(305 ILCS 5/5-30.5) Sec. 5-30.5. Managed care; automatic assignment. The
Department shall, within a reasonable period of time after
relevant data from managed care entities has been collected and
analyzed, but no earlier than January 1, 2017, seek input from the managed care entities and other stakeholders and develop and
implement within each enrollment region an algorithm preserving existing provider-beneficiary relationships that takes
into account quality scores and other operational proficiency
criteria developed, defined, and adopted by the Department, to
automatically assign Medicaid enrollees served under the
Family Health Plan and the Integrated Care Program and those
Medicaid enrollees eligible for medical assistance pursuant to
the Patient Protection and Affordable Care Act (Public Law 111-148) into managed care entities, including Accountable
Care Entities, Managed Care Community Networks, and Managed
Care Organizations. The quality metrics used shall be
measurable for all entities. The algorithm shall not use the
quality and proficiency metrics to reassign enrollees out of
any plan in which they are enrolled at the time and shall only
be used if the client has not voluntarily selected a primary
care physician and a managed care entity or care coordination
entity.

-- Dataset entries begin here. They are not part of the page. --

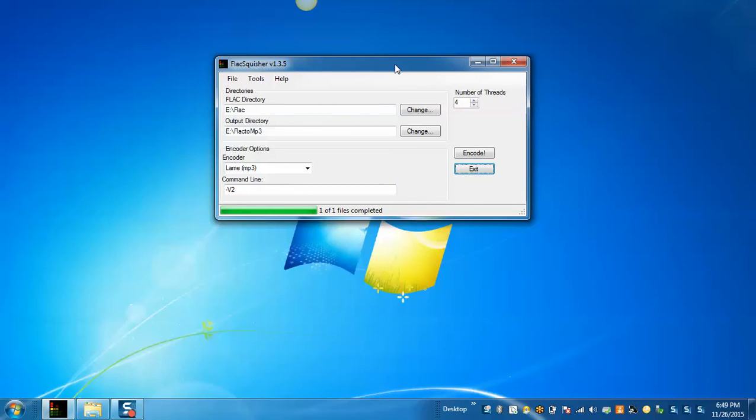Now I will show you how to use FLAC Squisher. FLAC Squisher simply selects the directory that contains your FLAC files, that is your FLAC directory.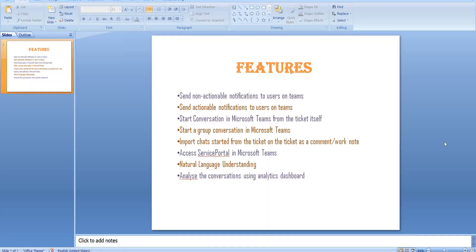A few of the features I've already jotted down over here, which includes sending actionable notifications and sending non-actionable notifications — the ones where we are just notifying the user that an event has happened in ServiceNow. We can send those kind of notifications to users on Teams or Slack. My videos will be concentrating on the Teams integration.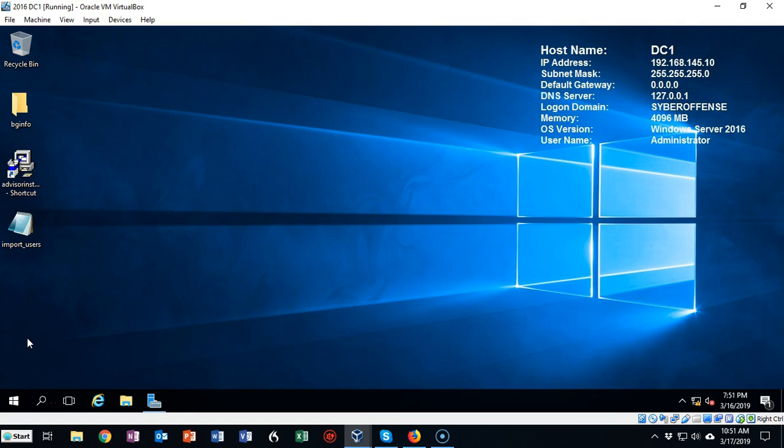Greetings, I'm Professor K, and in this short video presentation we're going to see how we can prevent our domain controllers from logging us off after so many minutes of inactivity.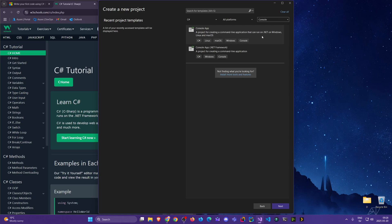The modern .NET is cross-platform, so it can run on Windows, Linux, and macOS. Servers often run Linux because it's cheaper and more lightweight. So let's choose this one — the console app.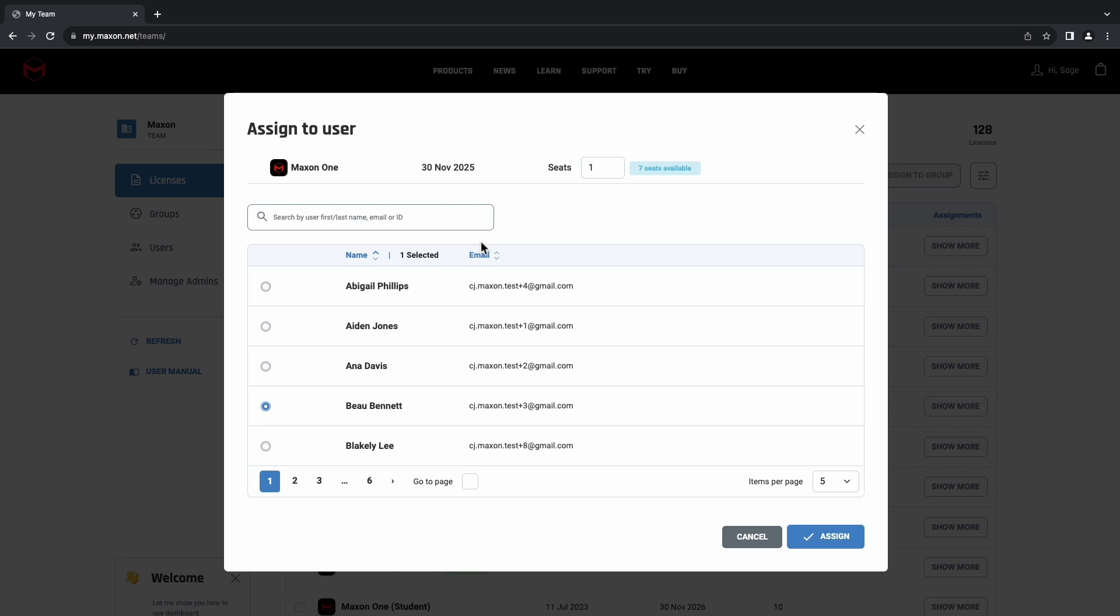Most sections within the Teams dashboard will have this search bar, so this can be really handy for finding information if you have a large number of licenses or users that you need to keep track of. And finally, we'll click Assign.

Clients shall have one opportunity within 90 calendar
days after auto-assignment by algorithm to select a different
managed care entity. The algorithm developed and implemented
shall favor assignment into managed care entities with the
highest quality scores and levels of compliance with the
operational proficiency criteria established, taking into consideration existing provider-beneficiary relationship as defined by 42 CFR 438.50(f)(3) if one exists.